- Instructions for the task -
Would you output the lines from the one containing "Glas skål med" through the final line of the entries, exactly and with pictures omitted?

(Stored items)
◆ ◆ ◆

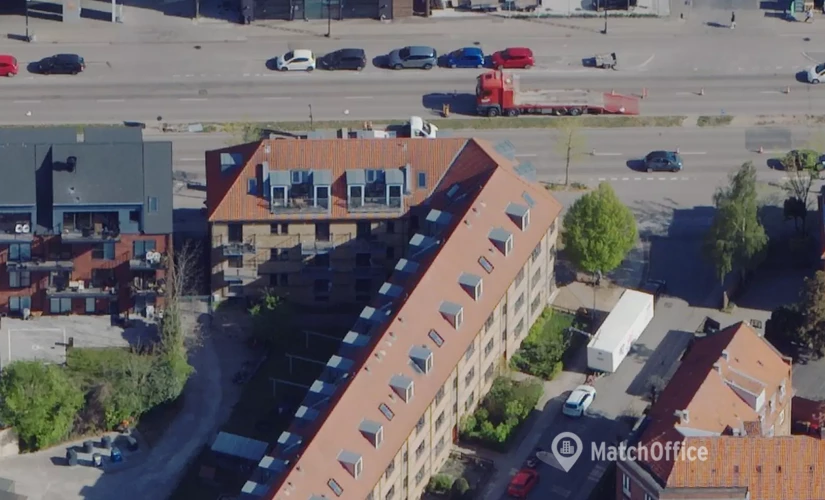 Kontor til leje på Roskildevej 185A, 2500 Valby - 163 m² | Foto 0 - Lokalebasen.dk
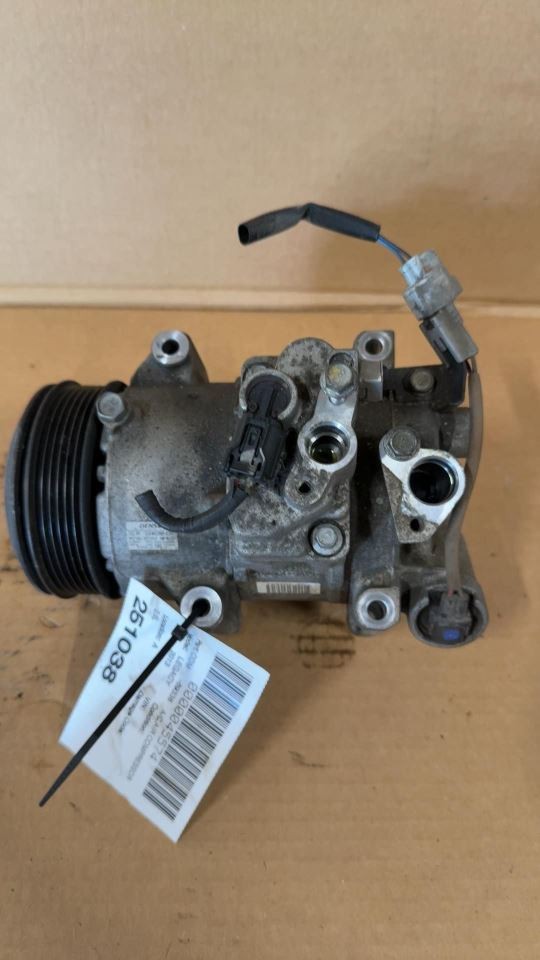 LEGACY 2013 Fuse Box Cabin 6911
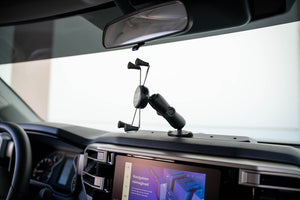 Dv8 Offroad Dmt2-01 Cell Phone Mount Plate||2022-2023-Toyota-Tundra-Digital-Device-Dash-Mount_Installed-03.Jpg||90||dv8dmt201||1626946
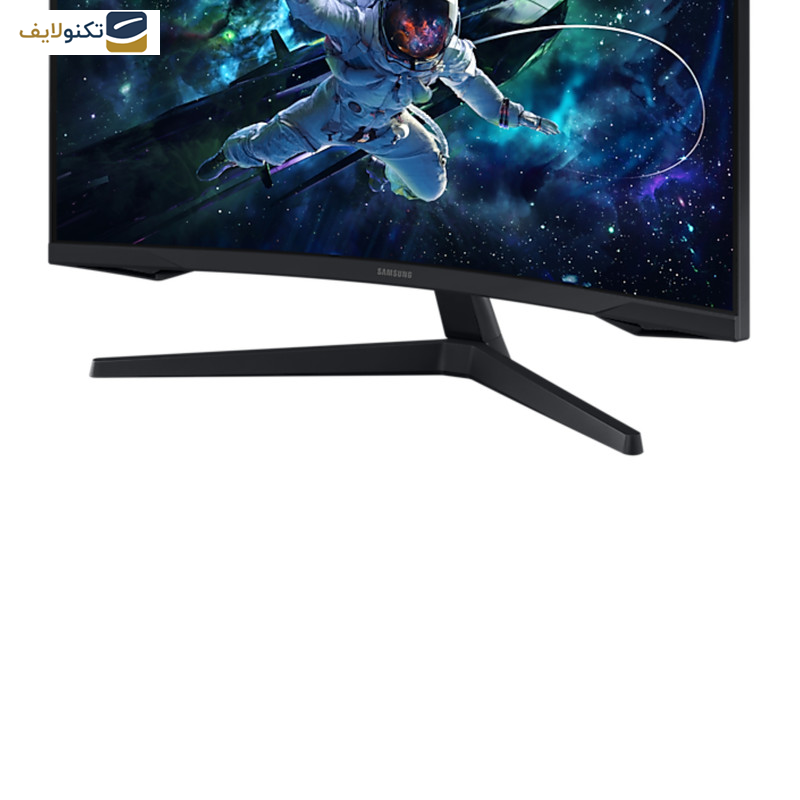 مانیتور مخصوص بازی سامسونگ مدل LS27CG552 سایز 27 اینچ مانیتور مخصوص بازی سامسونگ مدل LS27CG552 سایز 27 اینچ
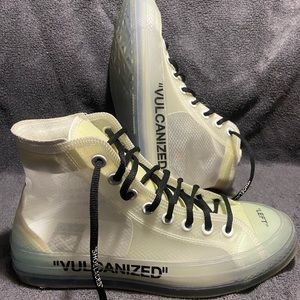 Off White Chuck Taylor Converse Crossover
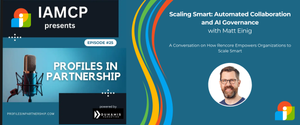Profiles in Partnership Ep 25 | Scaling Smart: Automated Collaboration and AI Governance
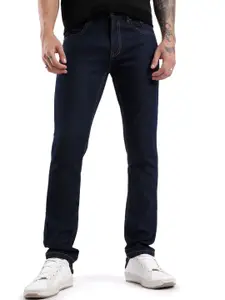 WROGN Men Mid-Rise Slim Fit Jeans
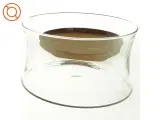 Glas skål med låg fra Trip Trap (str. 22 x 12 cm) - 2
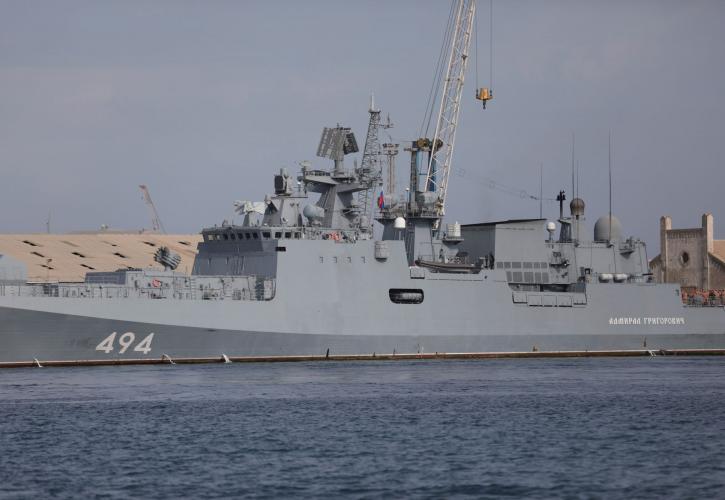 Ρωσία: Η Μόσχα αναφέρει ότι απέκρουσε ουκρανική επίθεση σε ρωσικό πλοίο στη Μαύρη Θάλασσα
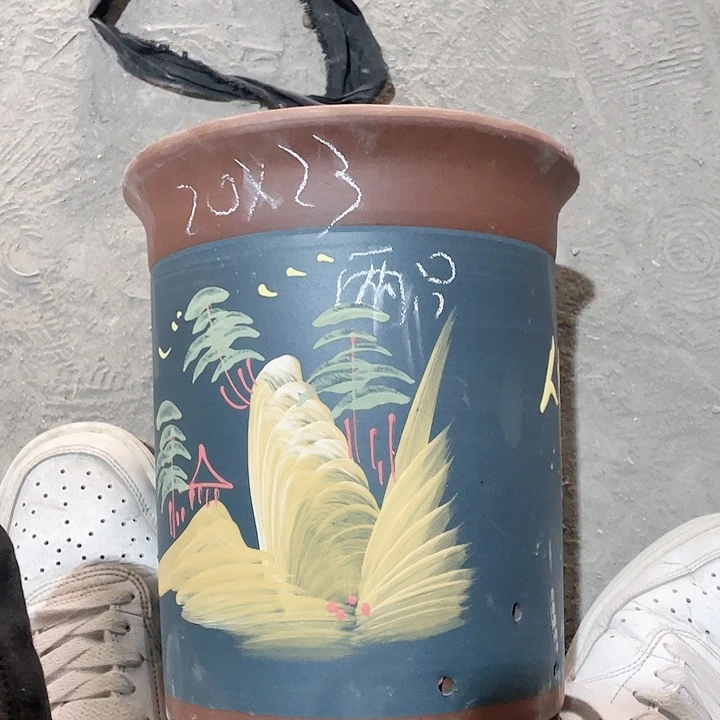 紫砂花盆花盆花盆
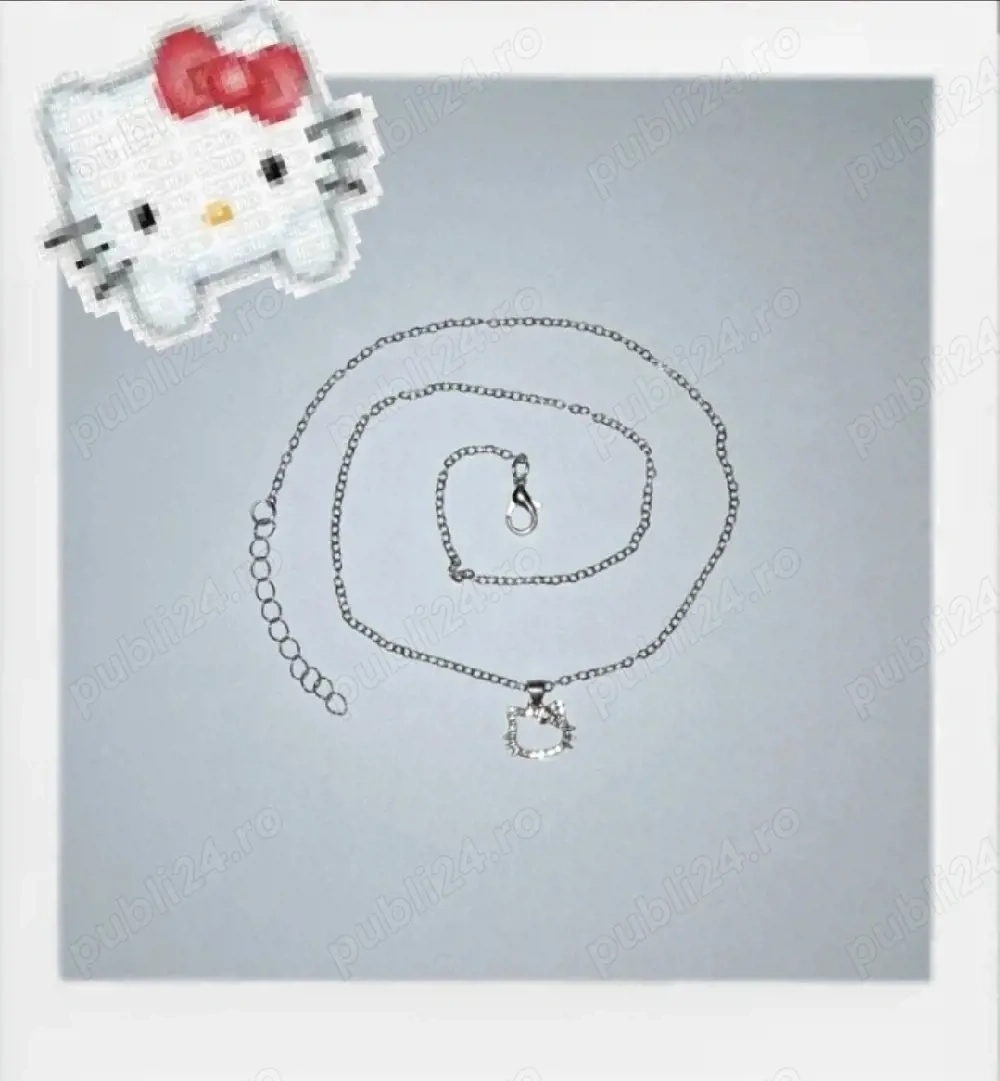 Colier Hello Kitty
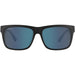 Serengeti Positano Large Photochromic Polarised Matte Black 555nm Green/ Blue Mirror SS782002 (59)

◆ ◆ ◆

- Exercise result -
 Glas skål med låg fra Trip Trap (str. 22 x 12 cm) - 2
 Ρωσία: Η Μόσχα αναφέρει ότι απέκρουσε ουκρανική επίθεση σε ρωσικό πλοίο στη Μαύρη Θάλασσα
 紫砂花盆花盆花盆
 Colier Hello Kitty
 Serengeti Positano Large Photochromic Polarised Matte Black 555nm Green/ Blue Mirror SS782002 (59)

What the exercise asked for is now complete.